The recent news that the state's Michigan Economic Growth Authority offered a convicted embezzler's company a $9.1 million tax credit has caused quite a stir in Lansing. Last week, legislators held hearings on how the Michigan Economic Development Corp., MEGA's parent agency, could have let someone with the embezzler's background be part of a multi-million-dollar selective tax break deal.

The MEDC's work is so carefully insulated from proper oversight it's an open question whether such sloppy lack of due diligence is standard procedure. One issue that should be on the docket is whether the MEDC's "compliance officer" or other agency employees should lose their jobs for such a spectacular misstep.

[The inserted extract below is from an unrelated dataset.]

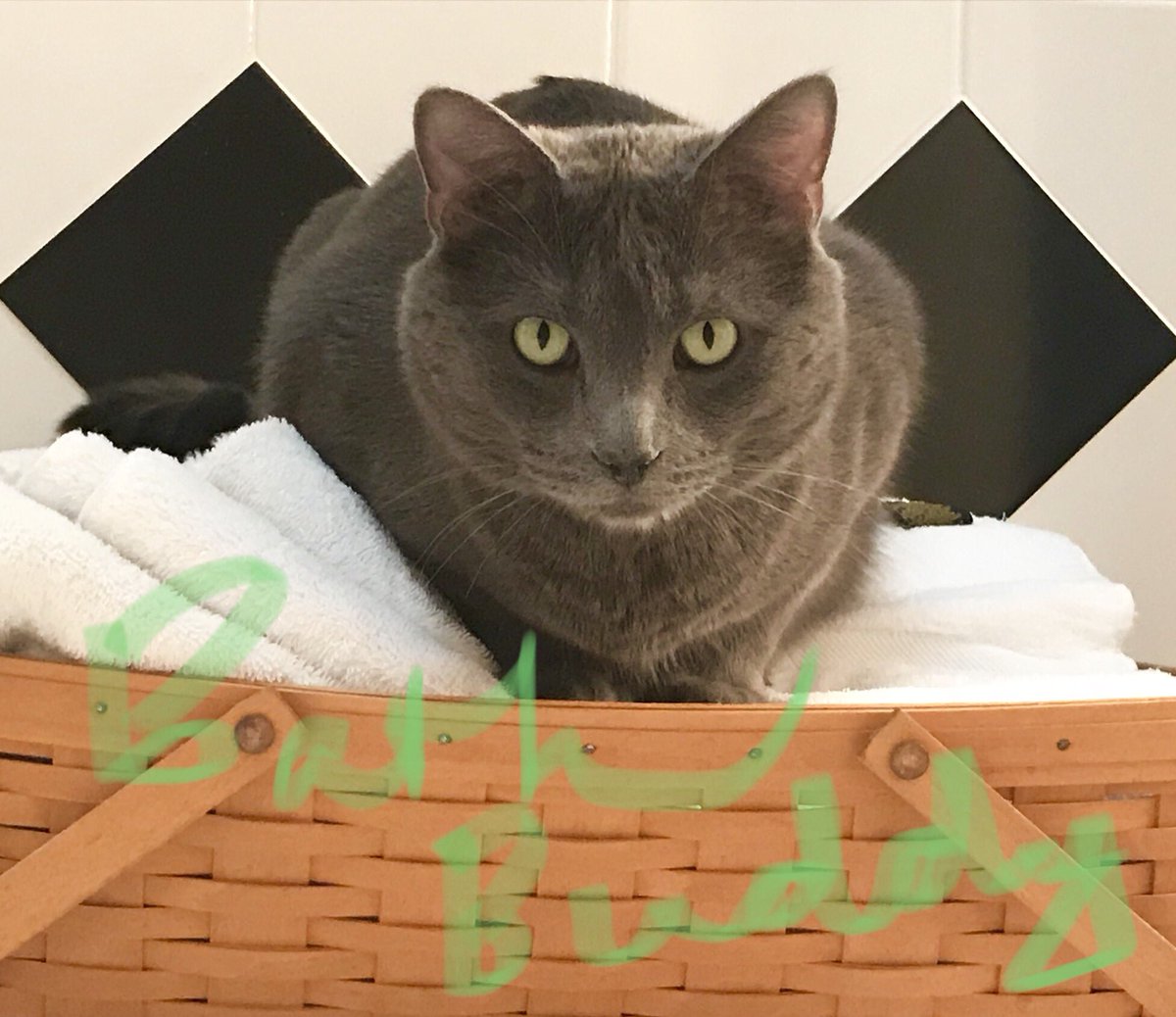 MeredithJRund's tweet photo. Making the most of a chilly Saturday afternoon. #BathSupplies #Baileys #Books #amreading #AnnPatchett #HappyCaturday #RussianBlue #fernando https://t.co/R837X9qpnf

More importantly, is this the only foul-up, or are their other embarrassing examples just waiting for a careful investigator to lift the rocks and see what scuttles out?

There is so much money sloshing around economic development programs around the nation — up to $50 billion or so as late as 2004 — that it would be surprising if there were not many questionable deals brokered by similar agencies across the nation.

Consider news reports out of Indiana that have exposed a yawning gap between some of that state's "economic development" agency's celebrated job announcements and the jobs actually created by the underlying corporate welfare favors. Tad DeHaven characterized the Daniels Administration as being engaged in "press-release economics":

The administration's political chicanery, however, has now come back to bite it. A recent WTHR Eyewitness News investigation into IEDC shined a light on the job-creation claims. When reporters tried to visit some of the companies celebrated in IEDC press releases, they found empty fields, vacant lots and deserted factories. According to the investigation, "as many as 40 percent of statewide jobs listed as so-called economic successes have not happened-and most of them never will." The governor told reporters that the IEDC's numbers were audited.

Independently? That would be news to me. When I was a deputy director at OMB, the governor's chief advisers ignored internal suggestions that the state pursue the creation of an independent auditing agency along the lines of the U.S. Government Accountability Office. The position of the IEDC director is that no taxpayer money is being lost because his agency audits the companies to make sure they fulfill the terms of their agreement with the state. The director, however, has so far refused to release any details to the public that would support this contention.

The key to restoring public confidence is transparency and independent audits. The MEDC and the governor's staff have strong political incentives to puff up the putative good news and bury the genuine bad news. As I recommended last year, a routine audit should be done of MEDC's job creation claims by a department with no dog in the economic fight.